● **SOURCE INFORMATION**:

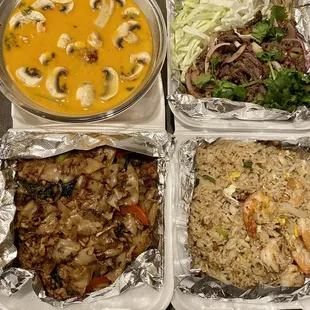 Tom kha kai, grilled beef salad, pad kee mow with pork, and fried rice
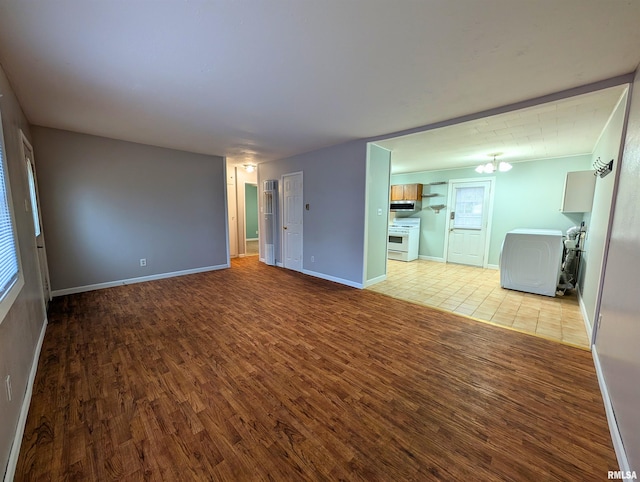 unfurnished living room with washer / clothes dryer, wood finished floors, and baseboards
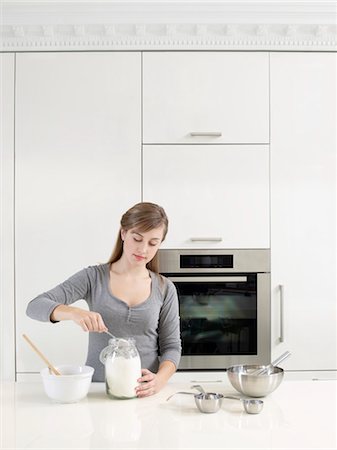 Woman Measuring Flour Stock Photo - Rights-Managed, Code: 700-03451390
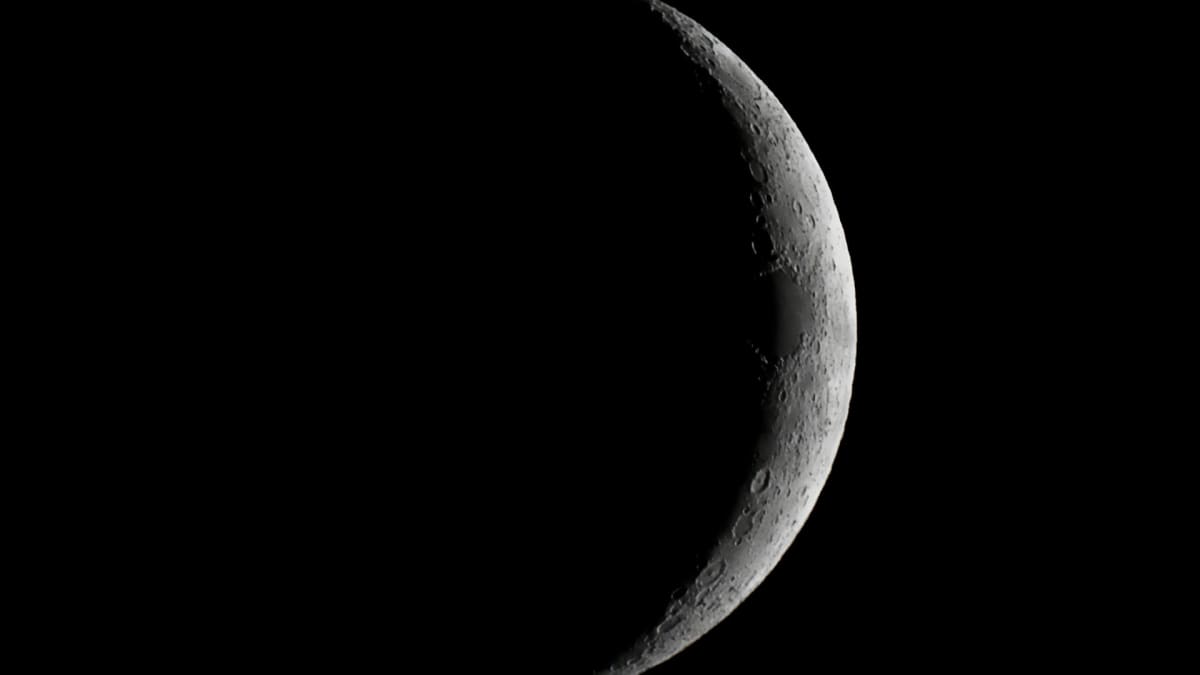 View of Earth's moon during waxing crescent phase against black space background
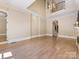 Open concept living space with hardwood floors and an open floorplan with view of the foyer at 703 Sainte Rose Ln, Charlotte, NC 28226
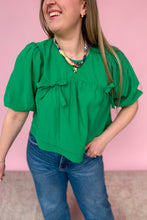 Load image into Gallery viewer, Woman wearing a green blouse with puff sleeves against a pink background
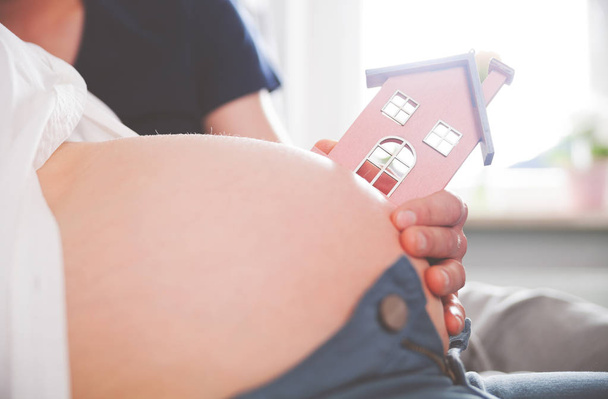 Close up of pregnant belly with small house, concept of new home and familiy - Fotografie, Obrázek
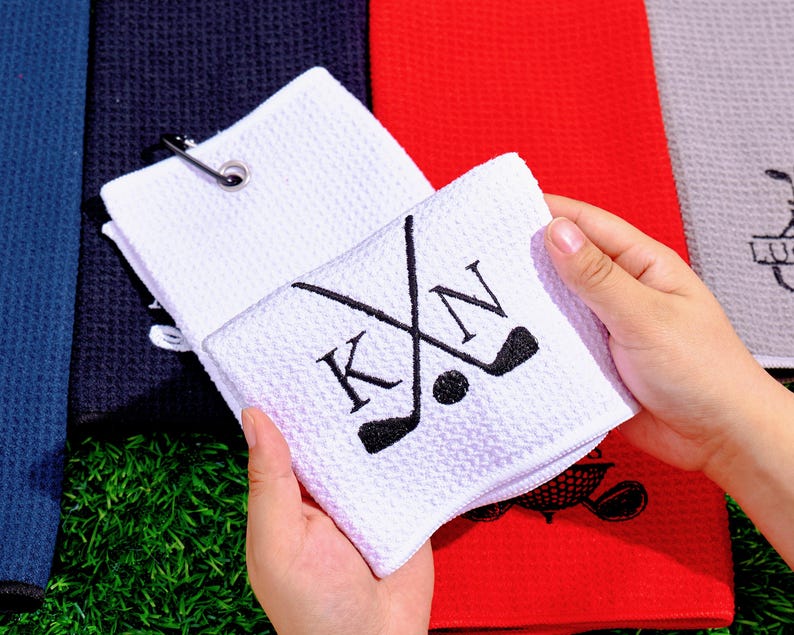May include: White golf towel with a waffle weave texture. The towel features crossed golf clubs, a golf ball, and the initials "KN" embroidered in black. A silver clip is attached to the towel. Other colored towels are visible in the background.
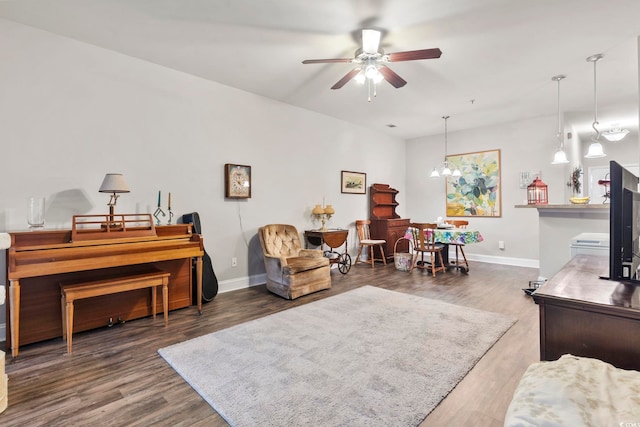 interior space featuring ceiling fan with notable chandelier, baseboards, and wood finished floors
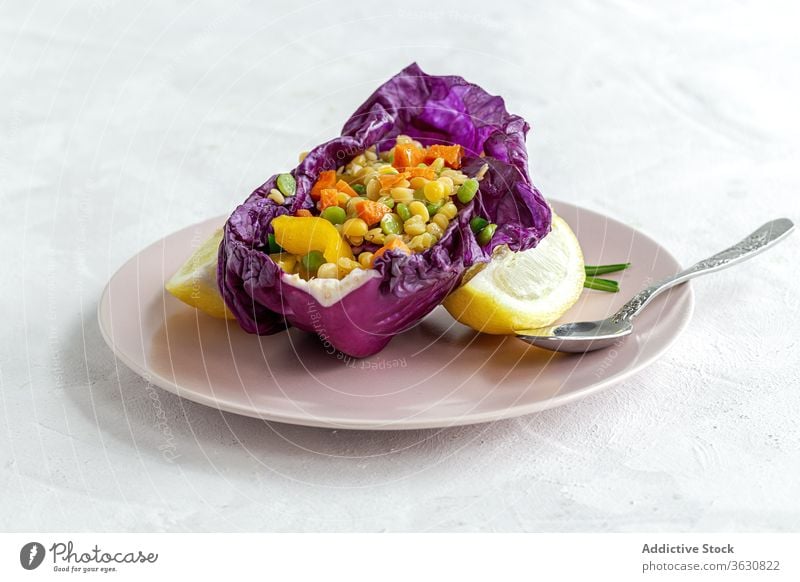 Tasty vegan taco with mix of peppers in cabbage leaf food gastronomy vegetarian lemon gourmet exquisite dinner purple dish colorful portion delicatessen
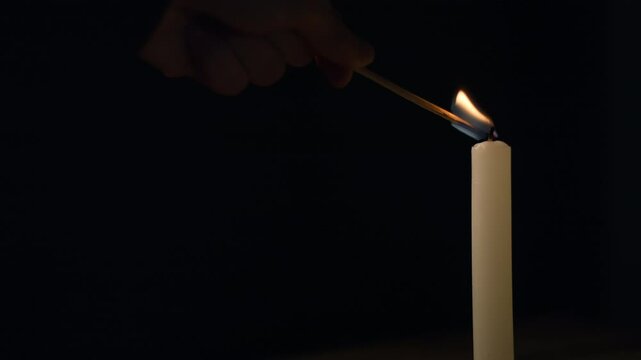 Male hand lighting a white thin taper candle using a safety match on a black background, close up shot. Grief, loss, and melancholy concepts.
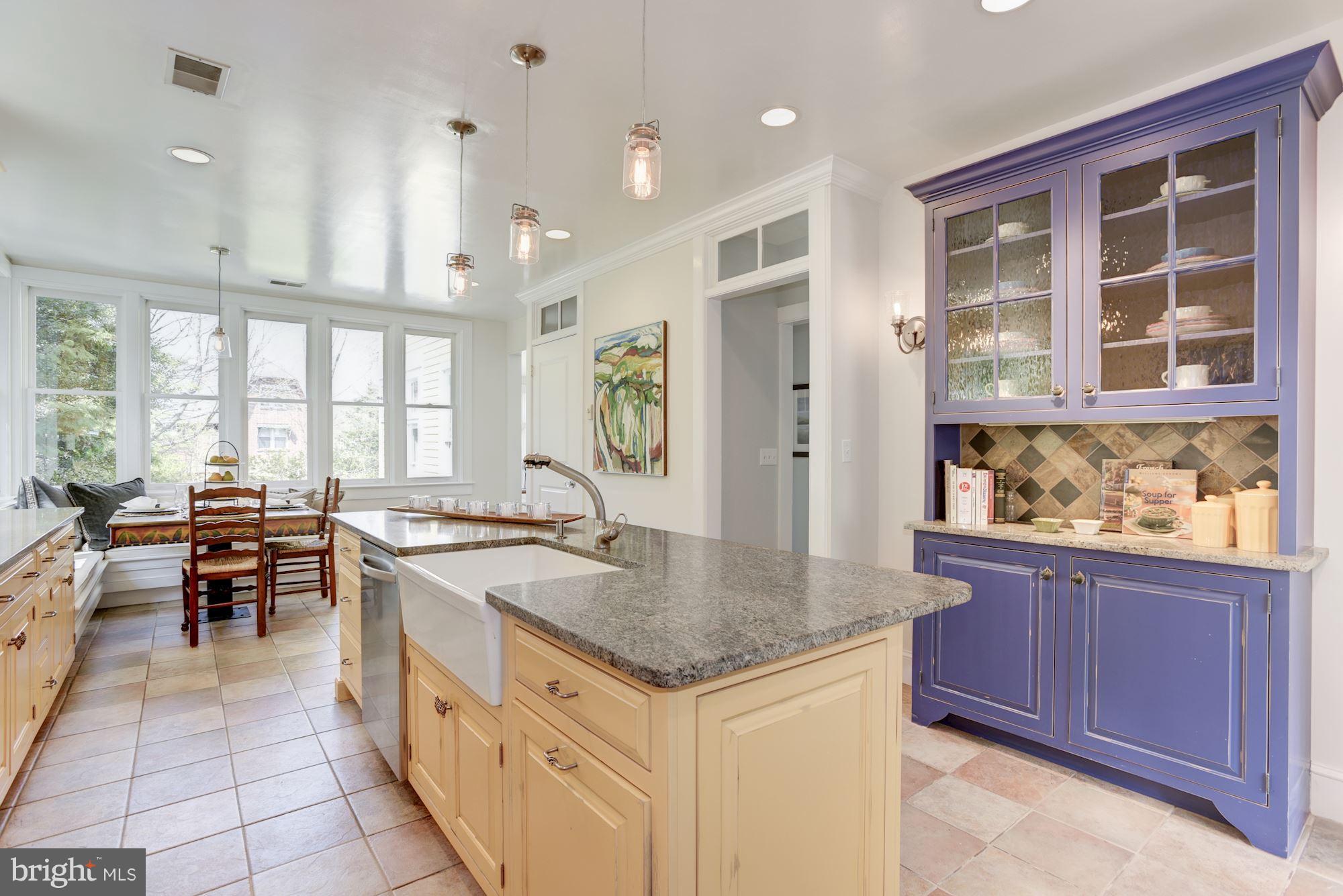 3807 Williams Lane Chevy Chase, MD 20815 - Photo 12 of 30 a kitchen with granite countertop a sink and a stove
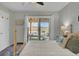 Well lit bedroom features a queen bed and sliding glass doors to the outdoor porch at 1481 Battery Reynolds Ct, Charleston, SC 29412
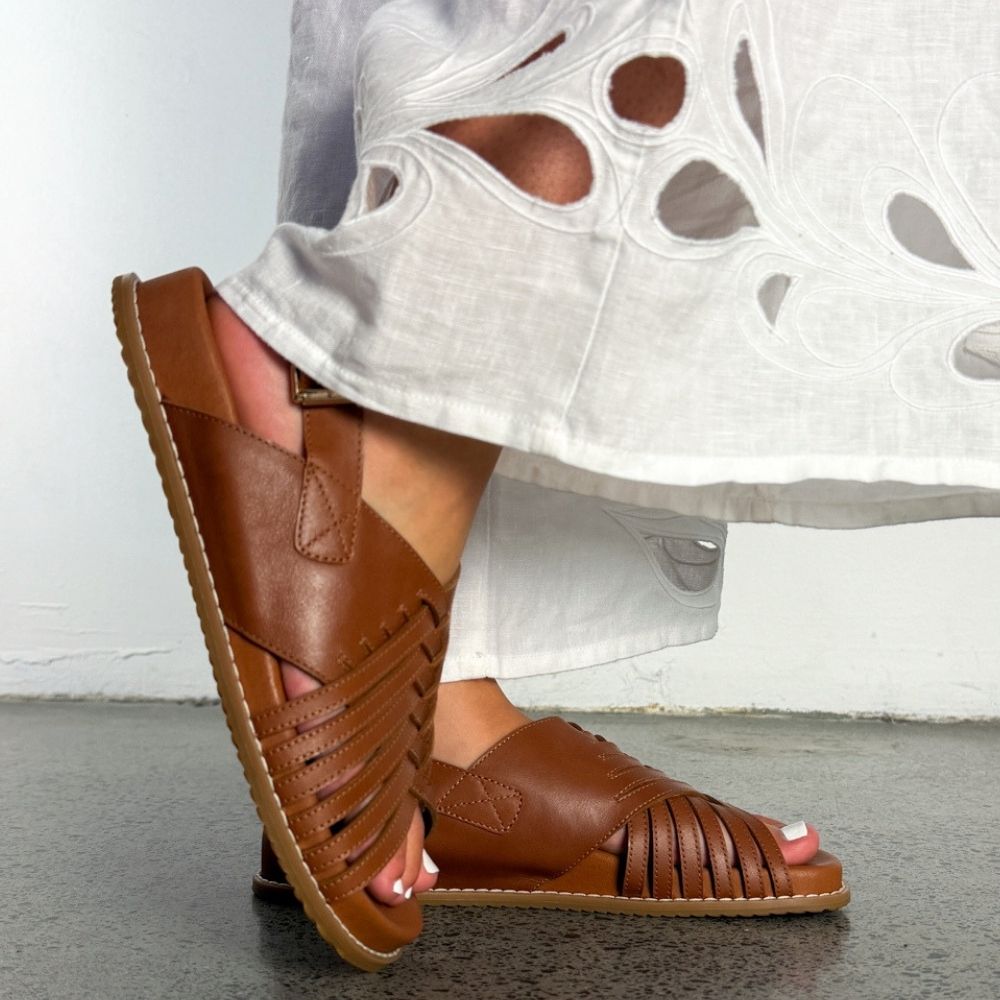 A person wearing brown leather strappy slide sandals with a slingback design, paired with a white embroidered skirt, standing on a gray floor against a white wall.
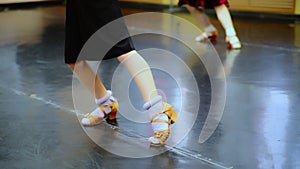 Close-up feet of Caucasian girl in beige high-heels making ballet step in slow motion. Unrecognizable children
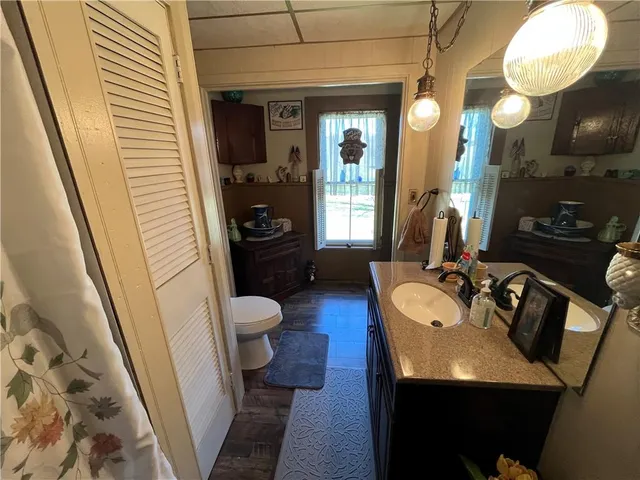 a bathroom with a sink a toilet a mirror and shower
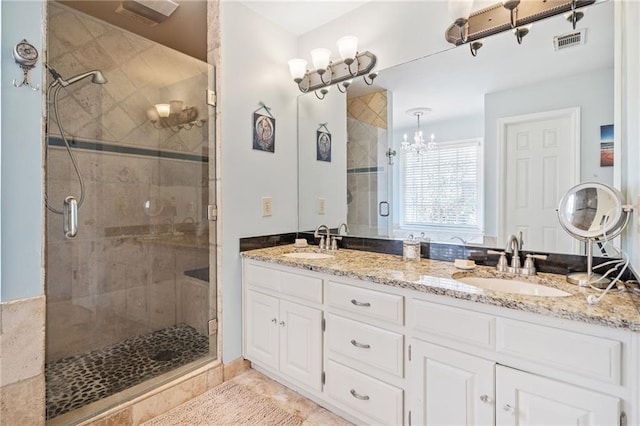 bathroom featuring a shower stall, double vanity, visible vents, and a sink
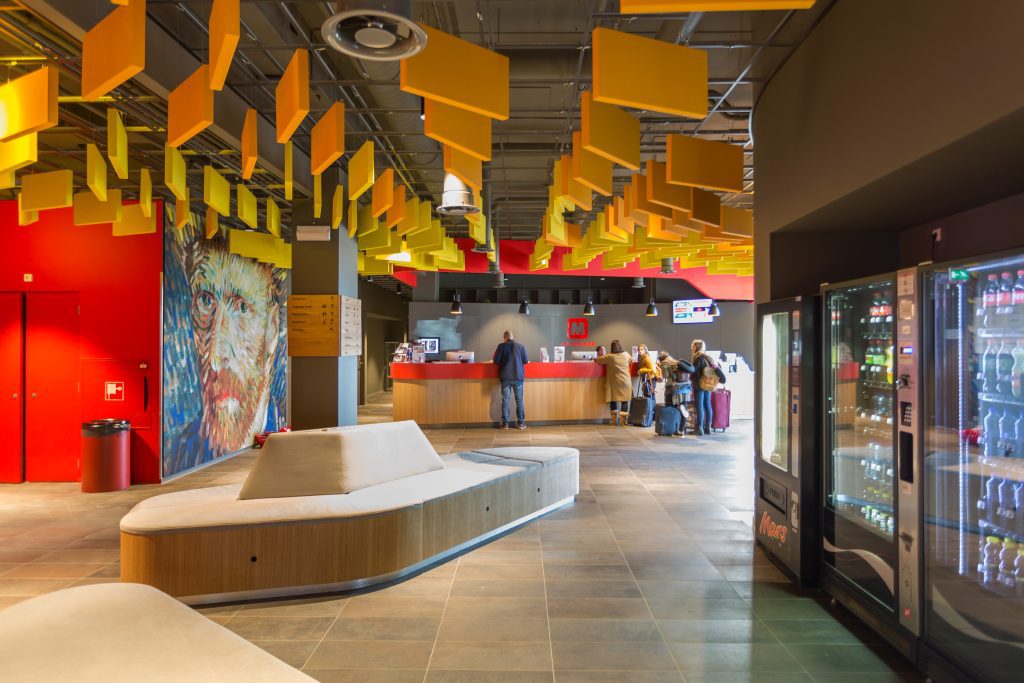 MEININGER Hotel Amsterdam City West: hall dal design colorato e murale con l'autoritratto di Van Gogh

● **YOUR TASK**: The records above should be copied word for word, with the pictures left out.

● **RESPONSE TO THIS TASK**:
 Tom kha kai, grilled beef salad, pad kee mow with pork, and fried rice
 unfurnished living room with washer / clothes dryer, wood finished floors, and baseboards
 Woman Measuring Flour Stock Photo - Rights-Managed, Code: 700-03451390
 View of Earth's moon during waxing crescent phase against black space background
 Open concept living space with hardwood floors and an open floorplan with view of the foyer at 703 Sainte Rose Ln, Charlotte, NC 28226
 Load image into Gallery viewer, Woman wearing a green blouse with puff sleeves against a pink background
 Close up of pregnant belly with small house, concept of new home and familiy - Fotografie, Obrázek
May include: White golf towel with a waffle weave texture. The towel features crossed golf clubs, a golf ball, and the initials "KN" embroidered in black. A silver clip is attached to the towel. Other colored towels are visible in the background.
 interior space featuring ceiling fan with notable chandelier, baseboards, and wood finished floors
 Tasty vegan taco with mix of peppers in cabbage leaf food gastronomy vegetarian lemon gourmet exquisite dinner purple dish colorful portion delicatessen
 Male hand lighting a white thin taper candle using a safety match on a black background, close up shot. Grief, loss, and melancholy concepts.
 3807 Williams Lane Chevy Chase, MD 20815 - Photo 12 of 30 a kitchen with granite countertop a sink and a stove
 Well lit bedroom features a queen bed and sliding glass doors to the outdoor porch at 1481 Battery Reynolds Ct, Charleston, SC 29412
 A person wearing brown leather strappy slide sandals with a slingback design, paired with a white embroidered skirt, standing on a gray floor against a white wall.
 Close-up feet of Caucasian girl in beige high-heels making ballet step in slow motion. Unrecognizable children
 a bathroom with a sink a toilet a mirror and shower
 bathroom featuring a shower stall, double vanity, visible vents, and a sink
 MEININGER Hotel Amsterdam City West: hall dal design colorato e murale con l'autoritratto di Van Gogh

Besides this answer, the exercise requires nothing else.